======== DATA PROVIDED
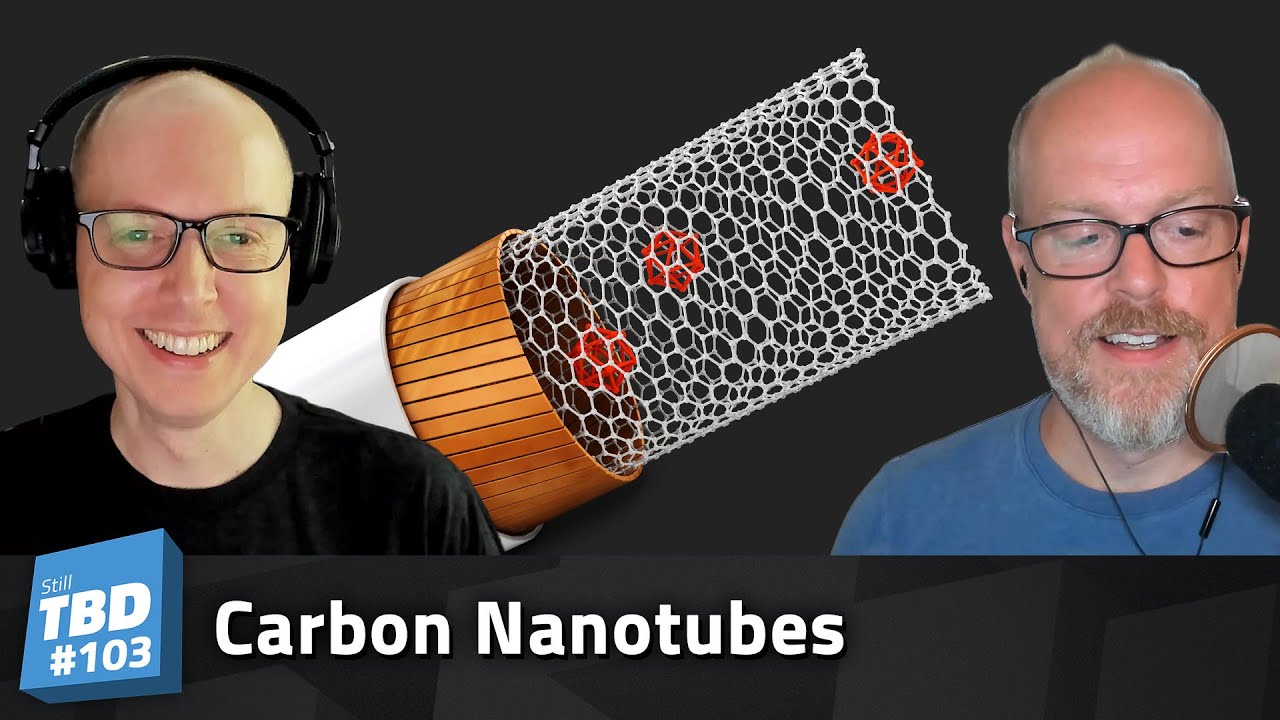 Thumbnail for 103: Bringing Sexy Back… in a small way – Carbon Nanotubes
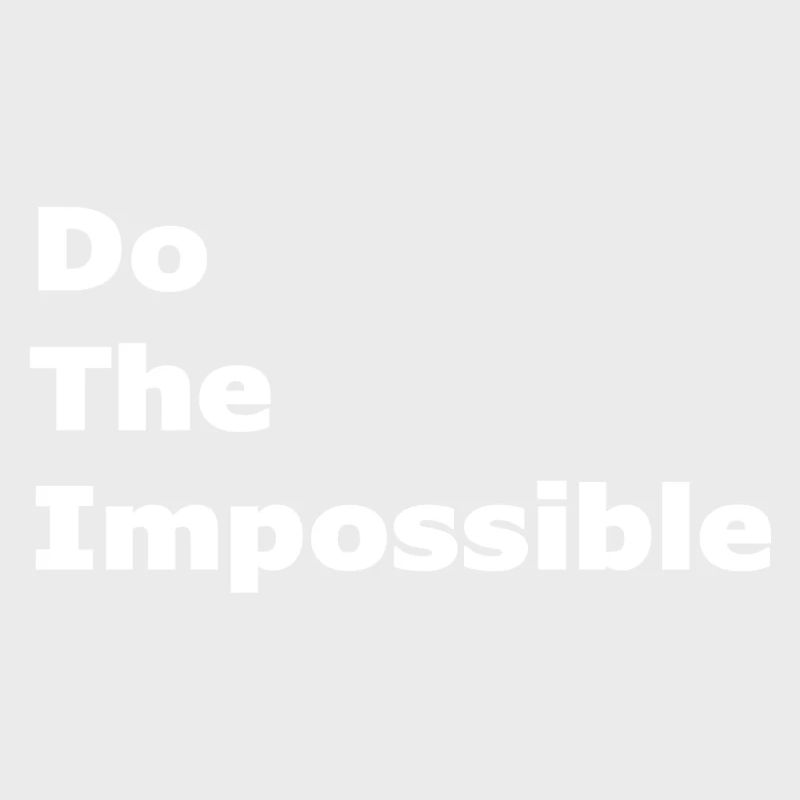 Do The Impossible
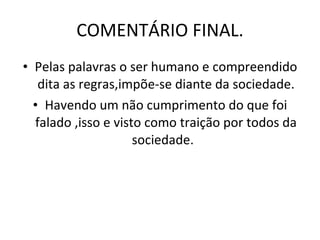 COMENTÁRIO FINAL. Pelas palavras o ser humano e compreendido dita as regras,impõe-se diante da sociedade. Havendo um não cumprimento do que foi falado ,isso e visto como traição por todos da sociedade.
================
● **TASK BRIEF**
Return each line of the data, keeping its wording exact and omitting pictures.

● **RESULT OF THE EXERCISE**
 Thumbnail for 103: Bringing Sexy Back… in a small way – Carbon Nanotubes
 Do The Impossible
 COMENTÁRIO FINAL. Pelas palavras o ser humano e compreendido dita as regras,impõe-se diante da sociedade. Havendo um não cumprimento do que foi falado ,isso e visto como traição por todos da sociedade.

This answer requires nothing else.